What the exercise asks> Could you print the stretch of lines below from the one with "Menemerus semilimbatus" through the one with "cuddeback4343.jpg", exactly as they stand and without any pictures?

(Materials provided Opens)

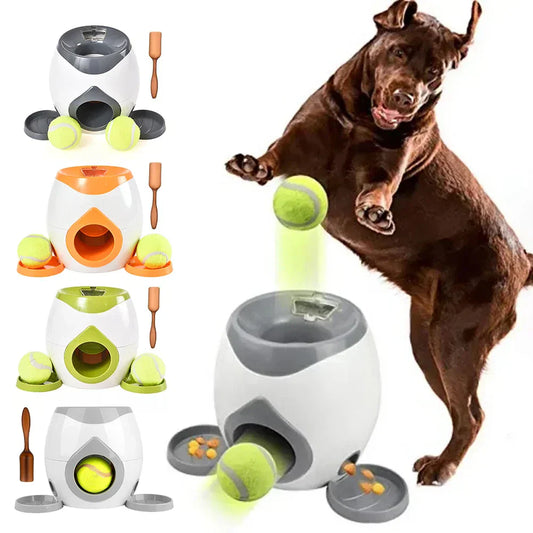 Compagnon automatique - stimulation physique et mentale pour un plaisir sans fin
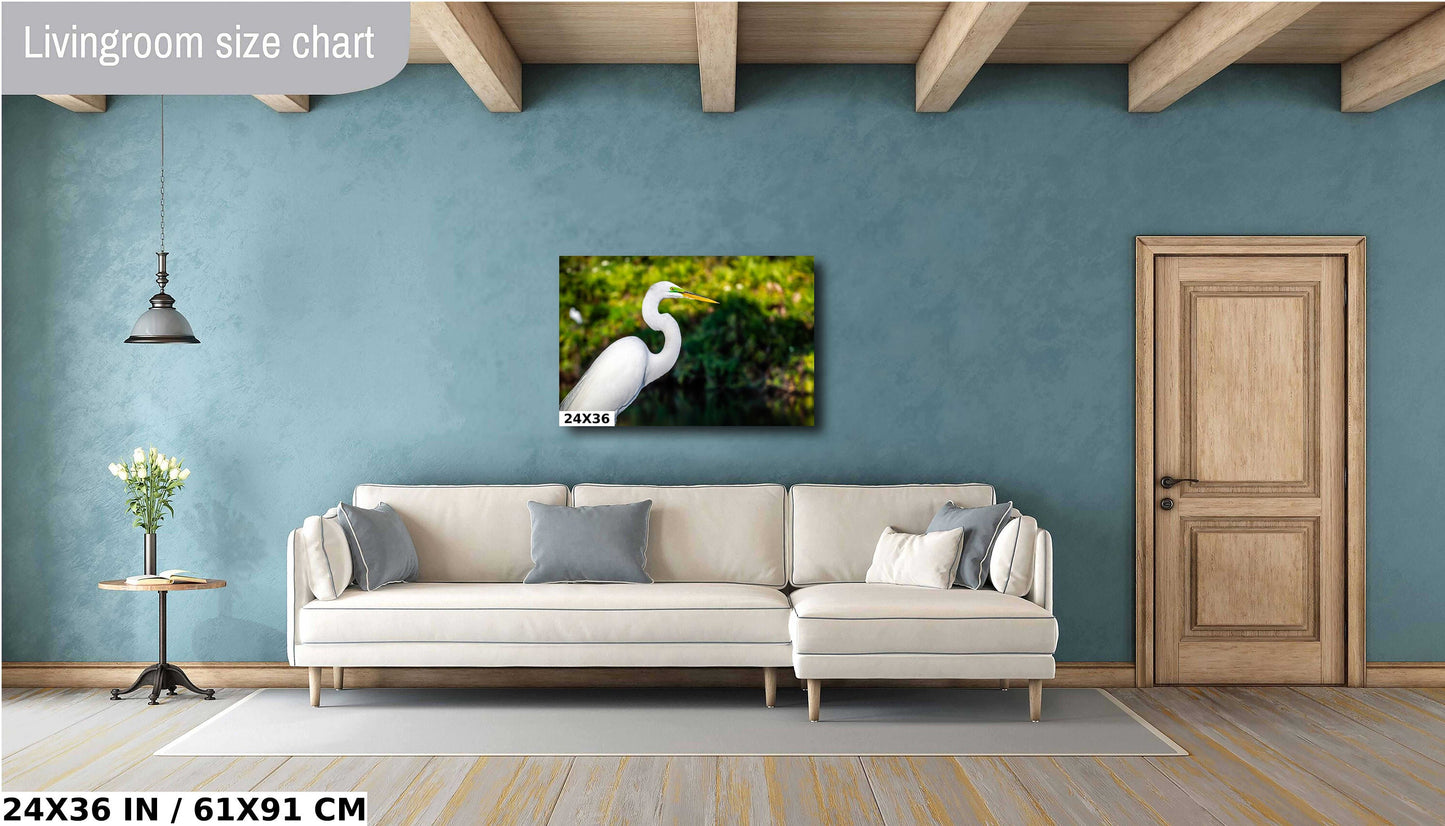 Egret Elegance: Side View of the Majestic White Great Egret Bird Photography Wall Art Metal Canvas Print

(Materials provided Closes)
(Materials provided Opens)

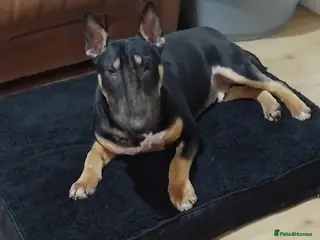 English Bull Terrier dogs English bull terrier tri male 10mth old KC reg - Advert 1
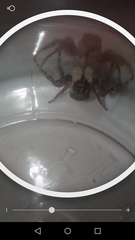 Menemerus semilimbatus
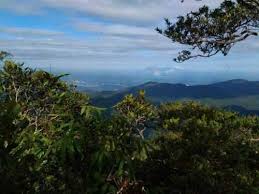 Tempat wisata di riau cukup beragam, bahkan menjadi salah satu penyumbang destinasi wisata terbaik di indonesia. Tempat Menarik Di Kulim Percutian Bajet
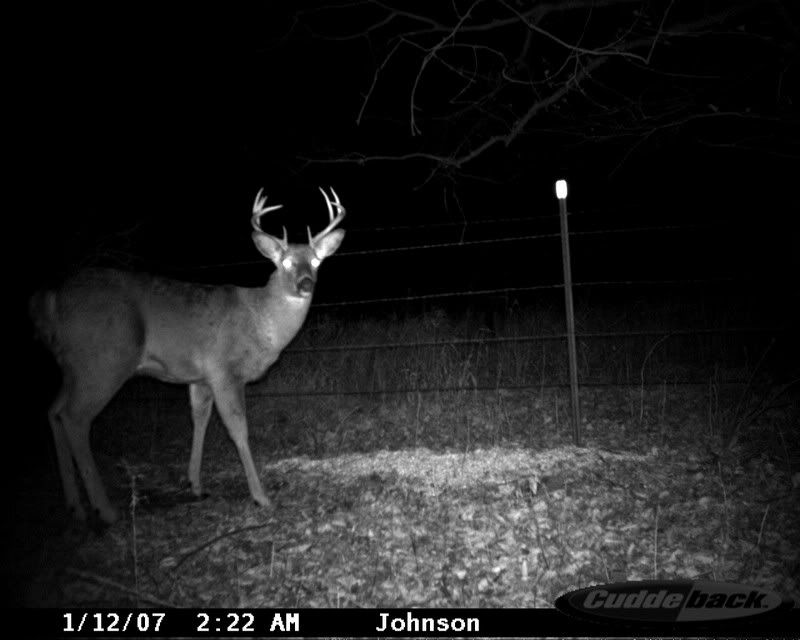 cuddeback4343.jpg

(Materials provided Closes)

Exercise output>
 Menemerus semilimbatus
 Tempat wisata di riau cukup beragam, bahkan menjadi salah satu penyumbang destinasi wisata terbaik di indonesia. Tempat Menarik Di Kulim Percutian Bajet
 cuddeback4343.jpg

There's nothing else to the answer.